Data Privacy

Regardless of a deal or no-deal scenario after the UK leaves the EU, Brexit is going to have a significant impact on data protection and the flow of data between the two blocs. Organisations should be preparing for these potential changes now.


Currently, organisations can rely on the one stop shop mechanism under the GDPR where they are engaged in the cross-border processing of data. This mechanism permits those organisations to identify one regulator within the Union as their lead regulator. The lead regulator can be established where the organisation has its main establishment or place of central administration within the jurisdiction of that main regulator. This is very useful for many data controllers and processors, allowing them to streamline their regulatory interactions with one single supervisory authority in the Union. This tool will soon become unavailable in the UK, where organisations seek to identify the ICO as their lead regulatory authority.

The unavailability of the one stop shop in the UK will cause many organisations who previously used the ICO as their lead supervisory authority to seek a new lead authority in a different jurisdiction. Alternatively, in the absence of a lead supervisory authority, where an organisation has a number of establishments across Europe it will have to interact with all of the data protection regulators in the states in which it operates resulting in a potentially costly and confusing regulatory engagement.
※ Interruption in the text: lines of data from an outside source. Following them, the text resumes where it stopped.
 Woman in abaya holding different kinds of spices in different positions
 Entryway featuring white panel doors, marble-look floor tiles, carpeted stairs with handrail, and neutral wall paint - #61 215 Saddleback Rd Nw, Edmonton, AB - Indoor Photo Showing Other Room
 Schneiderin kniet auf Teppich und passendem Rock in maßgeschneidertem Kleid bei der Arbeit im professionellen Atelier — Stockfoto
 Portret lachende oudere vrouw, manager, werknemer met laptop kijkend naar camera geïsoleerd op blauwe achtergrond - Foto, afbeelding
The effect of all this is that organisations may be required to increase their presence and decision-making in another Member State so as to demonstrate that their main establishment and/or central administration is now present in that Member State. Organisations will not only need to consider that they have a sufficient presence in the jurisdiction where they are seeking to re-establish a lead supervisory authority, but should also be conscious of the suitability of that particular regulatory regime to the organisation’s needs. Organisations should be considering which Member State might be the best regulatory environment for them, having particular regard to the activities of the regulator and the sufficiency of an organisation’s own presence in the jurisdiction.
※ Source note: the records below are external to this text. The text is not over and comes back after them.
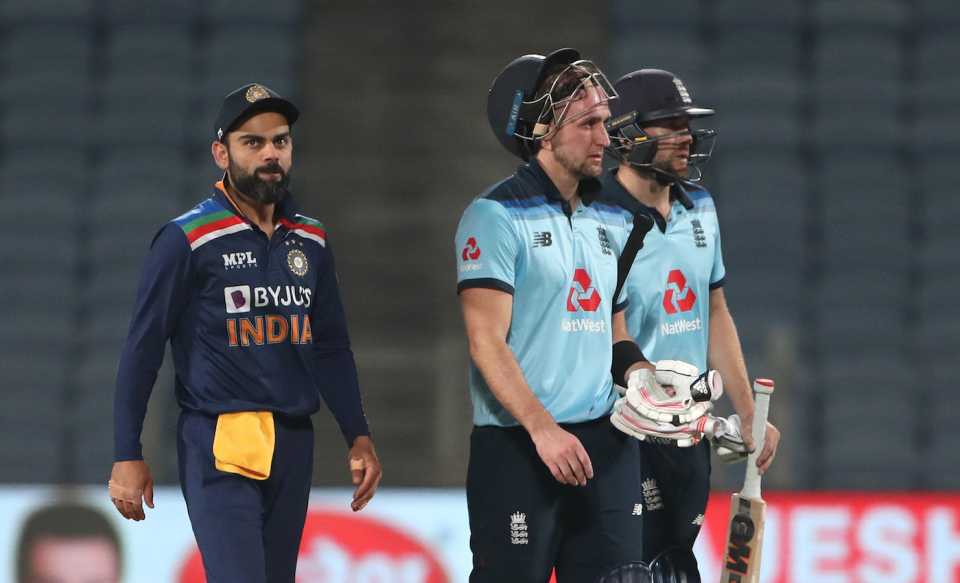 Virat Kohli, Liam Livingstone and Dawid Malan leave the field at the end of the game, India vs England, 2nd ODI, Pune, March 26, 2021
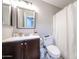 Neutral bathroom features vanity, mirror and toilet with shower/tub combination at 2912 E Eberle Ln, Phoenix, AZ 85032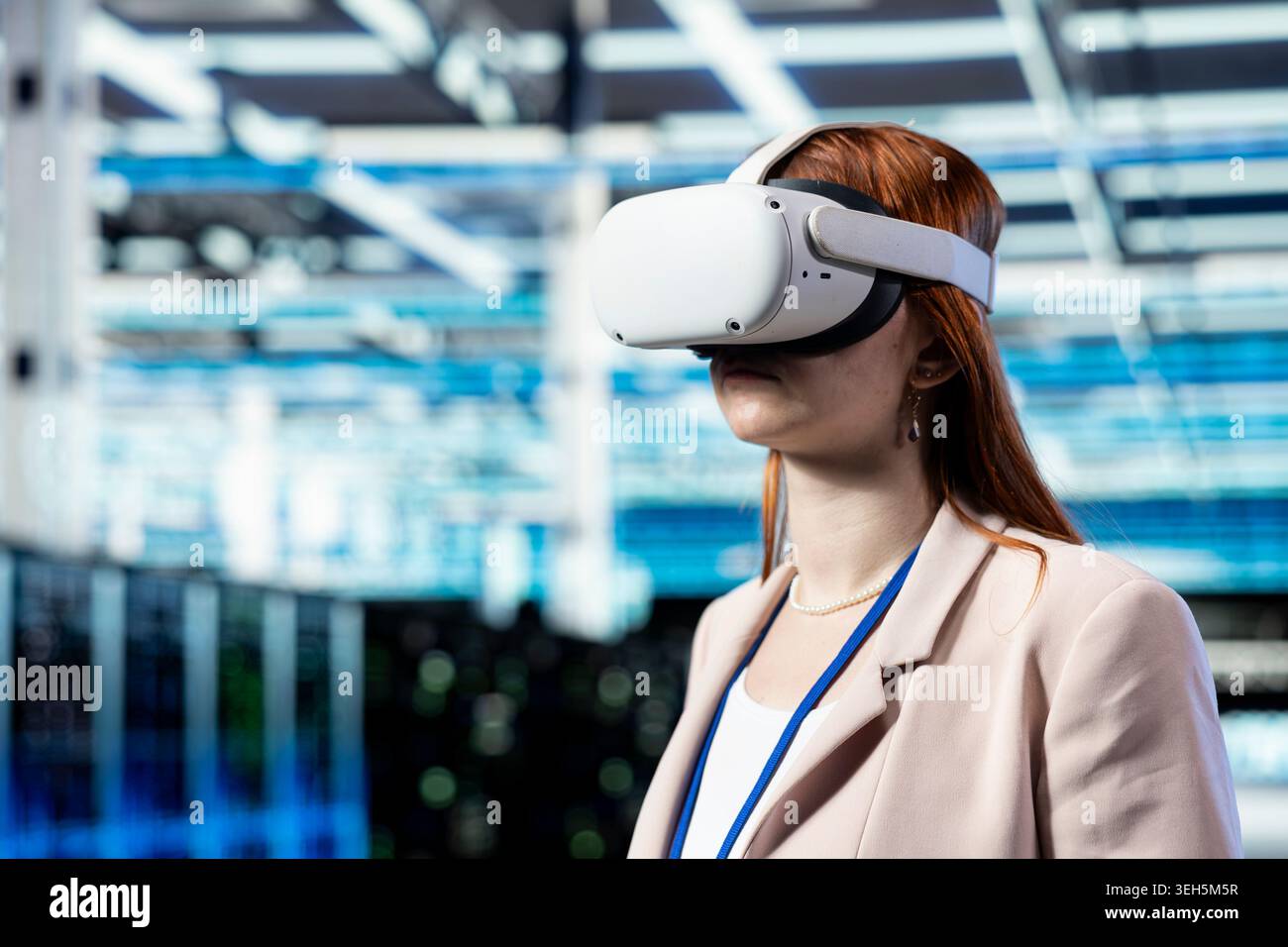 Data center programmer using VR headset gear to manage database storage mainframes. Server farm worker uses virtual reality tech to monitor internet cloud computing hardware, technology concept Stock Photo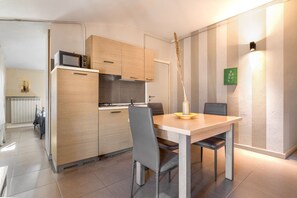 A modern kitchen with wooden cabinets, a microwave, and a dining area with a table and chairs. - Desenzano Suites - Tiglio by Wonderful Italy (Desenzano del Garda)
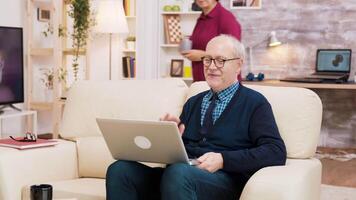 ouderen leeftijd paar met bril zittend Aan sofa gedurende een video telefoontje Aan laptop. oud paar gebruik makend van modern technologie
A further consideration for large multinationals arises in respect of where they utilise binding corporate rules (BCRs), which allow for the maintenance of the free flow of data across group companies. BCRs must go through a lengthy approval process and are subject to the supervision of a lead supervisory authority. In many instances, the ICO acted as the lead supervisory authority for BCRs. It is an area of uncertainty as to how these BCRs might move across to alternative supervisory authorities following the UK’s departure and whether this might be a straightforward or cumbersome process for organisations.

Adequacy Decision

Adequacy decisions are issued by the European Commission in respect of countries outside the Union where those countries offer an adequate level of data protection. This permits the transfer of personal data to those approved jurisdictions without having to meet additional data transfer requirements. All the indications are that once the UK leave the Union - irrespective of a withdrawal agreement or not - they will become a third country and will not be blessed with an automatic adequacy decision – despite the fact that they have incorporated GDPR into their own recent Data Protection Act. Further, the European Commission has indicated that they can only consider the determination of an adequacy decision once the UK has become a third country. It is worth noting that such decisions have often been preceded by lengthy discussions and analysis so it is unclear if an adequacy decision would be issued quickly, despite the UK’s obvious close alignment with European data protection law.

In the absence of an adequacy decision, organisations who wish to transfer data into the UK will need to take measures to legitimise transfers. Organisations will have to consider existing data flows and data sharing agreements, to determine whether they will require changes in advance of Brexit. The most obvious method for legitimisation is via the deployment of standard contractual clauses.


The UK is going to become a third country post-Brexit irrespective of any on-going negotiations. The maintenance of the free-flow of data and other regulatory concerns need to be considered now so as to ensure that the Brexit transition is as seamless as possible from a data protection perspective at least.